Série “Bom Jesus” - "Junim", "Adilson", "Wilsin" , 2010, papel fotográfico P&B, 60 x 50 cm. Foto: cortesia do artista
Palavra Uma influência importante para mim foi a literatura, o Concretismo, a poesia concreta, a relação da palavra com a matemática. Coloco nas minhas pinturas coisas que parecem um diário pessoal da minha vida, misturando com frases de livros, frases quebradas, palavras em relação com a imagem. E isso gera uma reação interessante das pessoas: elas veem a pintura, a pintura é pequena, agradável, e quando chegam mais perto tomam um choque dependendo da palavra. Algumas pinturas têm um relevo tridimensional que leva a pessoa a se deslocar de um lado para o outro. Minha pesquisa está girando em torno disso também: o corpo da pessoa diante dessa imagem, que vai andar, analisar de perto e de longe.

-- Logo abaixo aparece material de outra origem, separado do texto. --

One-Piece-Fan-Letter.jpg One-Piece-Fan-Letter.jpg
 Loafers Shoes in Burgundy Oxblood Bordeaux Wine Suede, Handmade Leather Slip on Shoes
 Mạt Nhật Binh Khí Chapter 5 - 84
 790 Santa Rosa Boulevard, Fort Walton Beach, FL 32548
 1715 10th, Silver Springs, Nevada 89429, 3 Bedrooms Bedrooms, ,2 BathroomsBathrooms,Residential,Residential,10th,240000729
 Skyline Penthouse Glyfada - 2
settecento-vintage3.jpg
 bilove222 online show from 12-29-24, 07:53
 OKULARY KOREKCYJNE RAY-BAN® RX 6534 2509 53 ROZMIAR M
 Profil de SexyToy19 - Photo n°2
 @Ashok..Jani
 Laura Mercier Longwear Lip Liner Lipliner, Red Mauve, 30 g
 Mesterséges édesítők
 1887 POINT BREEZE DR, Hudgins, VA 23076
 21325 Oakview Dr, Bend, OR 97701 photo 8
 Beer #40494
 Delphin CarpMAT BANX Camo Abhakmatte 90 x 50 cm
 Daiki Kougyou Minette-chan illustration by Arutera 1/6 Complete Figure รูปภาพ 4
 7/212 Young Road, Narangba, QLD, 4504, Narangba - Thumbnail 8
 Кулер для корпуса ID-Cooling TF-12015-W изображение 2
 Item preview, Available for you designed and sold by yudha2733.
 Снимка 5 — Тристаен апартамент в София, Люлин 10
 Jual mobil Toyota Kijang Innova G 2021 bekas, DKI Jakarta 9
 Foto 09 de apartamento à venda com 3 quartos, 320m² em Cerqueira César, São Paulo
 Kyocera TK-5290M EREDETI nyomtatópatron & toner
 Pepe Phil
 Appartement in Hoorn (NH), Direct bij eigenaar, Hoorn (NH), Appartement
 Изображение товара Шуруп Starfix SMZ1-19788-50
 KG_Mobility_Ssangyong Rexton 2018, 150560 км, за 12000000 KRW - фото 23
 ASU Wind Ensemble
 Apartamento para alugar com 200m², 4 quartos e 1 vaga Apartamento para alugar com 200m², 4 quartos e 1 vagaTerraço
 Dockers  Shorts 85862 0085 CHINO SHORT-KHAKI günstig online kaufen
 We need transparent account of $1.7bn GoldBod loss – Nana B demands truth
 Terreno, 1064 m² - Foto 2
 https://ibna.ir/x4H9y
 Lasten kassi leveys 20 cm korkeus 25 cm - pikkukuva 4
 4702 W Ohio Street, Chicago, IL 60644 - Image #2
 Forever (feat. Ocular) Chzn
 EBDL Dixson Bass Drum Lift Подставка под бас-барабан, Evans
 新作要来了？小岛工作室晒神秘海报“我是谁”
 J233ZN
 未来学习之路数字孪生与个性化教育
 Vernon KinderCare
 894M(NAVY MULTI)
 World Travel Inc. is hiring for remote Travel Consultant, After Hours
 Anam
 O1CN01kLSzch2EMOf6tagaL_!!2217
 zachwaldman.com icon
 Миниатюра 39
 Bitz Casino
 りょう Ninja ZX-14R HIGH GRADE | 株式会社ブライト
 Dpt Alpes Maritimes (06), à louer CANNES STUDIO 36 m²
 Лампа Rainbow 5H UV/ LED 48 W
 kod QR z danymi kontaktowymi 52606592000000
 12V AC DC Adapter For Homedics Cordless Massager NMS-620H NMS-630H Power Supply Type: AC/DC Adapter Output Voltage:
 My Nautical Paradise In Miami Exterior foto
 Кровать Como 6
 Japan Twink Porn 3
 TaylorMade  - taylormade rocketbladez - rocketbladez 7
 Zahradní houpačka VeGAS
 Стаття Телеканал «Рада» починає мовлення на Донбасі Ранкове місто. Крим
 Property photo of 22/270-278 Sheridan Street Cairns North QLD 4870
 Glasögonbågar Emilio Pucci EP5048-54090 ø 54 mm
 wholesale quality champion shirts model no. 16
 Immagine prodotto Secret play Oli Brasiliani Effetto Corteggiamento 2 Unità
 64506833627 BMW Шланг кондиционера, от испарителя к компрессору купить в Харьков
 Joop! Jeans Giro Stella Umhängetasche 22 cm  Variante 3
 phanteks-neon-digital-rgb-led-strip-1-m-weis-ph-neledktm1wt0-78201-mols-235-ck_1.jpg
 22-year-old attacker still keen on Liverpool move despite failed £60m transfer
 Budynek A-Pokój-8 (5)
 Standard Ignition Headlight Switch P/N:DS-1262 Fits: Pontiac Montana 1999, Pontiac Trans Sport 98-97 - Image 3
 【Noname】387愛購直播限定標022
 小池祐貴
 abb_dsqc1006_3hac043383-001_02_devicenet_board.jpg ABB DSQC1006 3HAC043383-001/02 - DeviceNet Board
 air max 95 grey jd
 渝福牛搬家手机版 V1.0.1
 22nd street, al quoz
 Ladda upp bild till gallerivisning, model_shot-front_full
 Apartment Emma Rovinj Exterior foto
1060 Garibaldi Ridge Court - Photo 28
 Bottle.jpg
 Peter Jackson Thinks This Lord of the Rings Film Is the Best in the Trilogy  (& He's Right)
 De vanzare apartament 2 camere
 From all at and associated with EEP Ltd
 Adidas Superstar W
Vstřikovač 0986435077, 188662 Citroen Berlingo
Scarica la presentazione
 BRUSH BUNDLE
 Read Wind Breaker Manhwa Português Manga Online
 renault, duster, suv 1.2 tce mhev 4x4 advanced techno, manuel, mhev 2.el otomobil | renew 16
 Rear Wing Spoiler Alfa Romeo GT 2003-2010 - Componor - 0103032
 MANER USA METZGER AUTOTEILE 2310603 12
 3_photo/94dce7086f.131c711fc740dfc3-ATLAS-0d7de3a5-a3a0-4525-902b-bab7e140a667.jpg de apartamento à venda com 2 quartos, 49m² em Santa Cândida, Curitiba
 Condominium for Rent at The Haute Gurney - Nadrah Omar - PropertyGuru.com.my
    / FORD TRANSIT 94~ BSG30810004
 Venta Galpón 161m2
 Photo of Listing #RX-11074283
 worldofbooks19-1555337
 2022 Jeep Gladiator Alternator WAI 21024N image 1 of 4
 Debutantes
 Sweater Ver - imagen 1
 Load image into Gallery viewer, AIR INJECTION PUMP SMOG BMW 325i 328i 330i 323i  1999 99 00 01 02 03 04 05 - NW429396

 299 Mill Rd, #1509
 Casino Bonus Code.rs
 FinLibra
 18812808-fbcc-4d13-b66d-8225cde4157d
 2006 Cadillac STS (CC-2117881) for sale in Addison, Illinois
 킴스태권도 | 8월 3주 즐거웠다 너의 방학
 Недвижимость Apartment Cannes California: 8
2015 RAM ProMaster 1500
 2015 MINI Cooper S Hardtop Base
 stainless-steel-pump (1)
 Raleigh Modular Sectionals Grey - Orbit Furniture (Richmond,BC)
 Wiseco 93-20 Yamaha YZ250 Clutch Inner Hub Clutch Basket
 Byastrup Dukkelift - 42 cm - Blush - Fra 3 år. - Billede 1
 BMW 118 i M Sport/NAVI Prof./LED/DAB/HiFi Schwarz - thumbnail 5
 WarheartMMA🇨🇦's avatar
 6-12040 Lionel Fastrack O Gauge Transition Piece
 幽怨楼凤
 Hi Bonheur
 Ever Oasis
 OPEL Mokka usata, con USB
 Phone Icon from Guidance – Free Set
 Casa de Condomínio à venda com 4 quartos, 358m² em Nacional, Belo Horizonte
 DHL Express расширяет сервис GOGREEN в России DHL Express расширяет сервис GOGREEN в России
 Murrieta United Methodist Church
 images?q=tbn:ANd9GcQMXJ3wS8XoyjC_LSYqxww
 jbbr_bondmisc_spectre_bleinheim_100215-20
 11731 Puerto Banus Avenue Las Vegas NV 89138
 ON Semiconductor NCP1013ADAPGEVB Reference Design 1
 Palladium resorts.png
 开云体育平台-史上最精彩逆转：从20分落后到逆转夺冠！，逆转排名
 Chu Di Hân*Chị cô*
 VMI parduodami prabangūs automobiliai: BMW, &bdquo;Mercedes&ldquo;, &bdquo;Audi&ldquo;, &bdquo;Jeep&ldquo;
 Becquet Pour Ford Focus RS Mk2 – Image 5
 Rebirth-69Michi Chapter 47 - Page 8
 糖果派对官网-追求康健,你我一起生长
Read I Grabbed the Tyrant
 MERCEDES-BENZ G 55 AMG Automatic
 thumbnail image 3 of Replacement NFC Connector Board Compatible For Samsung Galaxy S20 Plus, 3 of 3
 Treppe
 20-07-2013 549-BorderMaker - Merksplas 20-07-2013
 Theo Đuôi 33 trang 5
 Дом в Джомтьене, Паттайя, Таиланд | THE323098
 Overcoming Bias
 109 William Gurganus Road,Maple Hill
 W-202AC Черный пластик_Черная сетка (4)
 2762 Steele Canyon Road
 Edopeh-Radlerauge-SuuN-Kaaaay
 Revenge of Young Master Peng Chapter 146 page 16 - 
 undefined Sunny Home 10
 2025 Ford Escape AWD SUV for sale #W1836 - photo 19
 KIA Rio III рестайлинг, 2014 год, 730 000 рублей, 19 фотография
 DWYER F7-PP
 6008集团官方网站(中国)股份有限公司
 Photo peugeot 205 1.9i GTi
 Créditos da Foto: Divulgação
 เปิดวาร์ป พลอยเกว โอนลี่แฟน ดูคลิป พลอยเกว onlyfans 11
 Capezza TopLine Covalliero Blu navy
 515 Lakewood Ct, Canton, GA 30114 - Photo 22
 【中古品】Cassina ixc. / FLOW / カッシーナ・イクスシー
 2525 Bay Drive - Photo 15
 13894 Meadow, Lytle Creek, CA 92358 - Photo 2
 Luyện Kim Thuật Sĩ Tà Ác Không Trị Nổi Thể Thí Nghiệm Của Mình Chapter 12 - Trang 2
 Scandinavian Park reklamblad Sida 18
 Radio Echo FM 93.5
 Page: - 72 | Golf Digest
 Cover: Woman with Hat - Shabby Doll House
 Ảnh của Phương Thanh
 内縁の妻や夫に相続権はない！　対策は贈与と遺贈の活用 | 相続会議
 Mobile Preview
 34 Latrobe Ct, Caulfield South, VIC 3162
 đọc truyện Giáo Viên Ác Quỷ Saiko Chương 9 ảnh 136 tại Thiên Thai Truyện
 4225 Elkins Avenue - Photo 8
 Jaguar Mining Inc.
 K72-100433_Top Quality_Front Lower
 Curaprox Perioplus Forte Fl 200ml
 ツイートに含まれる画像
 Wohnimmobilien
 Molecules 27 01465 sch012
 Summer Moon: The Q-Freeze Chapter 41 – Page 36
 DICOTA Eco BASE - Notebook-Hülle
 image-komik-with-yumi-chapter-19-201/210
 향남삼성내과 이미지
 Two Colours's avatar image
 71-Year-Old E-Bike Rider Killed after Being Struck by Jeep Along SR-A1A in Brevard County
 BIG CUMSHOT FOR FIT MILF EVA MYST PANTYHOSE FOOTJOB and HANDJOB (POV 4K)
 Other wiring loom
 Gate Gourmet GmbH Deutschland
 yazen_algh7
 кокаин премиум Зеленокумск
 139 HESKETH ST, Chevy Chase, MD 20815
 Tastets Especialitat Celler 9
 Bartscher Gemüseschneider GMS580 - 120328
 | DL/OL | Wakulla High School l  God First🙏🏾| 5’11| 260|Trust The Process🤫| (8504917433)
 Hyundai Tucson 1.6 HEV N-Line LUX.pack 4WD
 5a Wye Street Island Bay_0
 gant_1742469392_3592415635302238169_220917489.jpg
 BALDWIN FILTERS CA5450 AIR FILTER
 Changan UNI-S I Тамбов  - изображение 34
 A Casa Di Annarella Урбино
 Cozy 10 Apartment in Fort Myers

Ironia e mercado Me pergunto o que seria a imagem do artista diante desses lugares de poder do mercado da arte. Aí uso esse tipo de ironia, essa descrença nesse poder, nesse capital que só absorve, suga. Se for para entrar no jogo, prefiro entrar dessa forma. Estou aí dentro, mas brincando da mesma forma que vocês estão brincando comigo, usando minhas imagens. Cada um tira um proveito desse movimento. A gente acaba alimentando a plataforma das instituições, que por sua vez divulgam o artista. Entrei na onda e meu quadrinho é meio uma brincadeira nesse sentido. Falo do Prêmio Pipa, mas com um ar um pouco irônico. Tento tratar da forma mais honesta possível essa situação de querer estar na rede de artistas, mostrar o meu trabalho nessa plataforma.
Desali.
Tânia Caliari é jornalista. Vive em São Paulo.